Lo cierto es que hoy parece una tarea mucho más difícil que en el pasado. No ayuda el nuevo paradigma de disrupción tecnológica de los Facebook, Twitter y demás redes, en las que los valores universales sobre respeto, diversidad, pluralismo y derechos humanos quedan enjaulados en laberintos y algoritmos que solo refuerzan las creencias y los dogmas e impiden la confrontación de ideas. Si la búsqueda de la verdad no es un fin en sí mismo, sino un medio para construir confianza y que la sociedad pueda oírse en sus temores, frustraciones y aspiraciones, ¿podrá la política estar a la altura de ese desafío para crear las condiciones de ese diálogo?

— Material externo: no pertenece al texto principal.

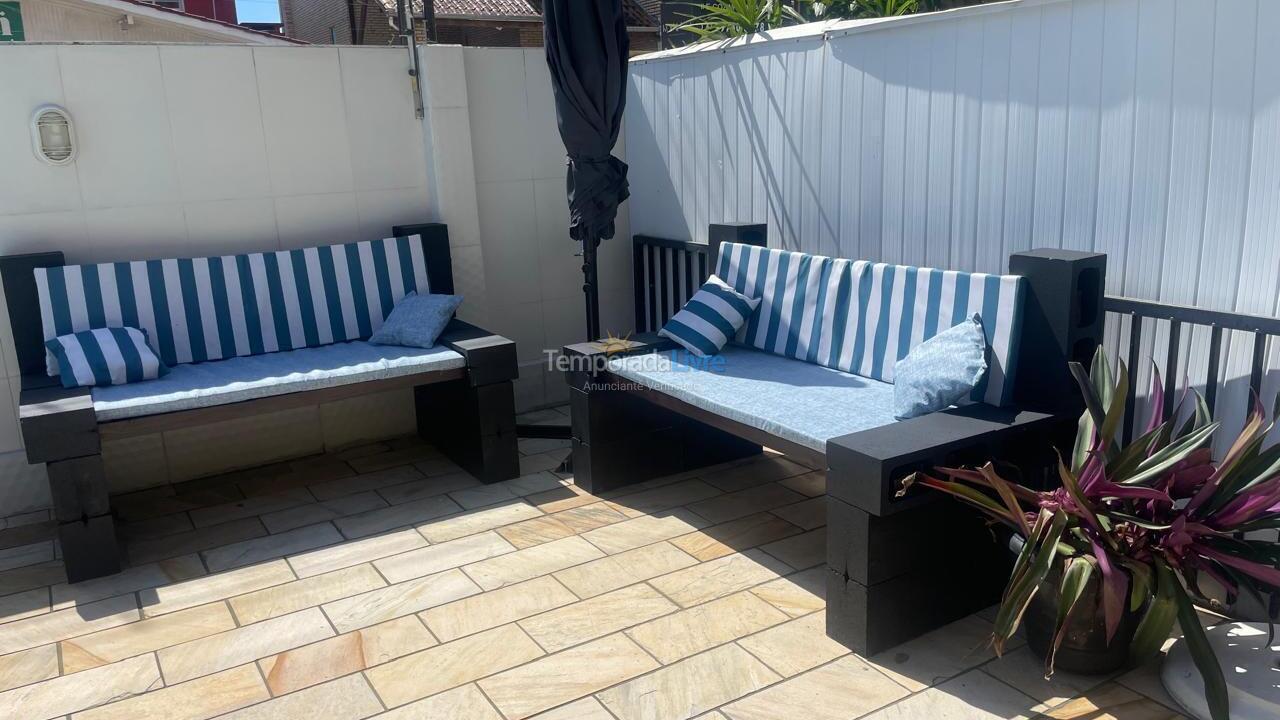 Casa para alquiler de vacaciones em Balneário Piçarras (Piçarras)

Preocupa que las barras bravas de los extremos políticos, las de Petro y las de Uribe, reduzcan cada día más los espacios para ese entendimiento. Y el Gobierno –en cabeza del presidente–, quien es el llamado a liderar ese proceso, ha sido incapaz de asumirlo. Reconforta, eso sí, ver los innumerables actos de perdón y reconciliación de quienes más han sufrido la violencia a lo largo y ancho del territorio. Pero sus gestos de grandeza y humanidad han quedado asfixiados en medio de la algarabía de unos, el silencio de otros y la miopía de muchos de nuestros dirigentes. Por eso, la pregunta no es solo si Colombia está preparada para la verdad, sino si la verdad está preparada para Colombia.